Uses for a new pro-tools rig # 117
literal reversioning
This has been around for a while and spawned various imitations but I think it is absolutely the best.
Suggestions for which song might best benefit from a Squid Ink reversioning?
I had in mind Richard Marx's Hazard but am not sure we could pull off the FM radio sheen.
Labels: post-modern bricolage, Richard Marx, Tears for Fears
6 Comments:
I have been listening quite a bit to the Country Music station (91.7 I think) and "I'm a real bad boy but I'm a real good man" would stand up well to some literal representation. There was also a touching Hazard-like balad where, after a fight on prom night, a girl is hit by a car and made paraplegic but doesn't blame the narrator of the song for the fight...which the narrator finds touching and inspiring...all this in the first verse!!! Sadly, I cannot remember the name.
you gotta concentrate on the clip not the lyrics. Ideally you want a song with bland lyrics but a stong narrative line in the music video. Country and Western is more likely ot be the opposite in my (adittedly limited) experience.
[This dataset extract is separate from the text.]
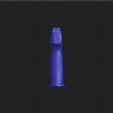 Screenshot-2025-03-31-at-10.25.50 AM.png SIG SAUER P365 FUSE Real Size 3D Scan High Quality Gun Mold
The more I think about it htis rules out Hazard, also, as the clip follows the song too faithfully from memory.
Of course...I now realise that this is the wrong way around...you need the film clip...
There is no more narrative loaded clip than this one. And it had Felicity in it.
But it's still not exactly right - you need one where there is lots going on but the male lead is mystifyingly both in character AND singing the song. I'll keep thinking.
dude, I had totally forgotten that clip and it is just awesome. I watched it twice over.